Project Name | Description |
---|---|
pic32mx470_curiosity.X | Curiosity PIC32MX470 Development Board |
pic32mx_eth_sk2.X | PIC32 Ethernet Starter Kit |
pic32mx_xlp_sk.X | PIC32MX274 XLP Starter Kit |
pic32mx_sk.X | PIC32MX Starter Kit |
Setting Up Curiosity PIC32MX470 Development Board
- Connect mini USB cable to the ‘Debug USB’ connector(J3) on the board to the computer
- Install the USB UART click board on to the mikroBUS socket J5 of Curiosity PIC32MX470 Development Board
- Connect mini USB cable to the USB UART click board. This will enumerate the
USB to UART portNote: Ensure that the series resistors on the mikroBUS headers are of value 0 Ohms.
Setting Up PIC32 Ethernet Starter Kit
- Connect the Debug USB port on the board to the computer using a mini USB cable
Setting Up PIC32MX274 XLP Starter Kit
- Connect micro USB cable to the ‘Debug USB’ connector(J9) on the board to the computer
- Install the USB UART click board on to the mikroBUS socket J5 of PIC32MX274 XLP Starter Kit
- Connect mini USB cable to the USB UART click board. This will enumerate the USB to UART port
Setting Up PIC32MX Starter Kit
- Connect mini USB cable to the ‘Debug USB’ connector(J1) on the board to the computer
Running the Application on Curiosity PIC32MX470 Development Board and PIC32MX274 XLP Starter Kit
- Open the Terminal application (Ex.:Tera Term) on the computer.

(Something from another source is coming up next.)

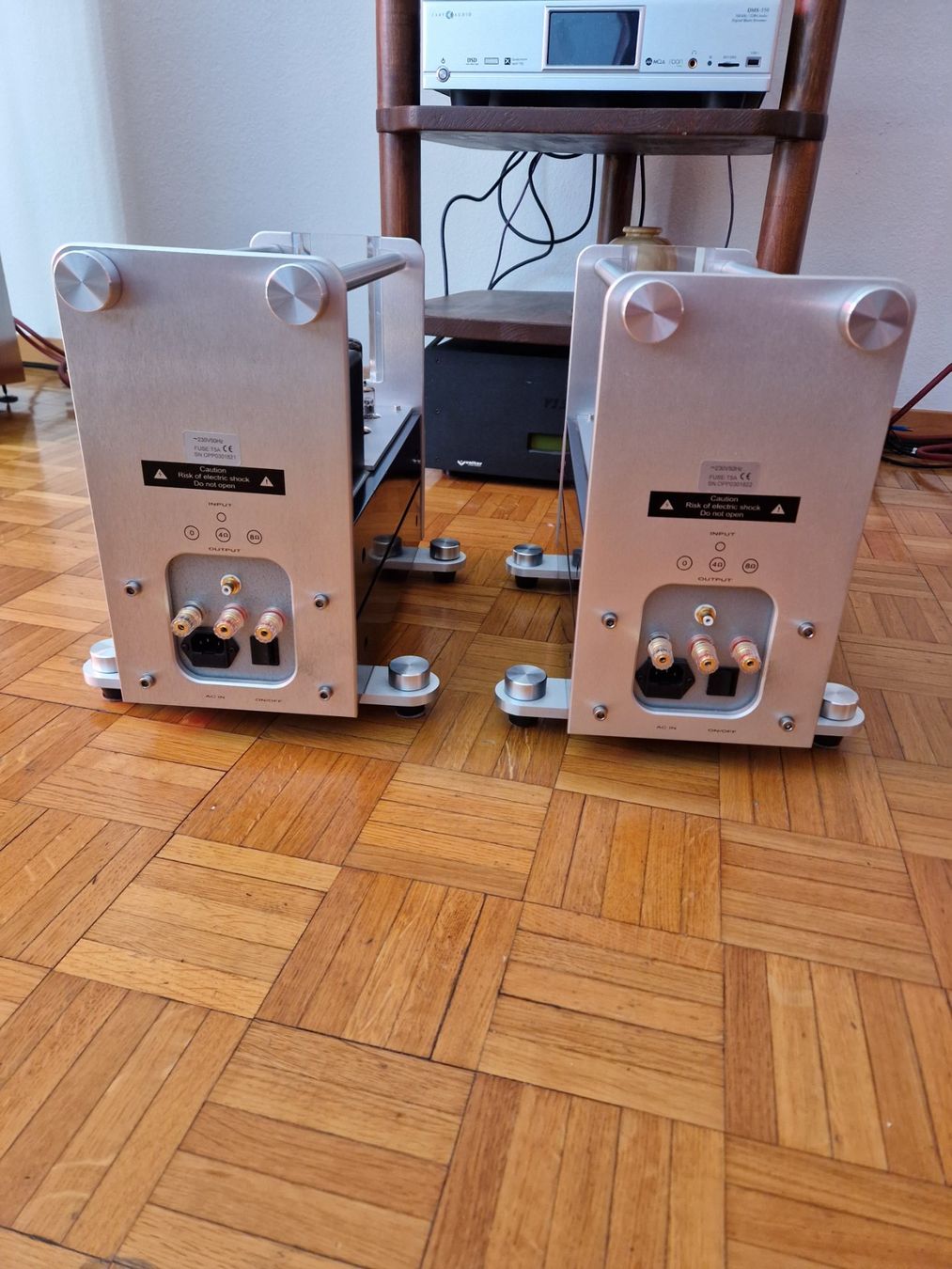 Amplificatori: Opera Consonance Cyber 800 Push-Pull-Monoverstärker – Usato da Bern venduto da nau_vlk9 3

- Configure the serial port settings as follows:
- Baud : 115200
- Data : 8 Bits
- Parity : None
- Stop : 1 Bit
- Flow Control : None
- Build and program the application using its IDE.
- Observe the following output on the terminal.
- Enter any character on the terminal to run task3. Notice how task1 and task2 are pre-empted by task3 as task3 is of higher priority than task1 and task2. Pressing character ‘l’ or “L’ toggles the on board LED. Notice how task1 and task2 are not run when characters are entered continuously on the terminal.
- This step is applicable only for Curiosity PIC32MX470 Development Board. Press the user switch on the board to run task4. Notice how task4 preempts all other tasks as it is of highest priority.
Board | Switch Name | LED Name |
---|---|---|
Curiosity PIC32MX470 Development Board | S1 | LED1 |
PIC32MX274 XLP Starter Kit | NA | LED1 |
Running the Application on PIC32 Ethernet Starter Kit and PIC32MX Starter Kit
- Build and program the application using its IDE.
- Observe LED1 toggle every 1 second.
- Press switch SW2 and observe LED2 toggle. Switch SW2 is polled by Task2 at an interval of every 250 milliseconds.
- Press switch SW3 and observe LED3 toggle. Switch SW3 IO pin is configured to generate a change notification interrupt. Task3 is activated by giving a semaphore in the change notification event handler.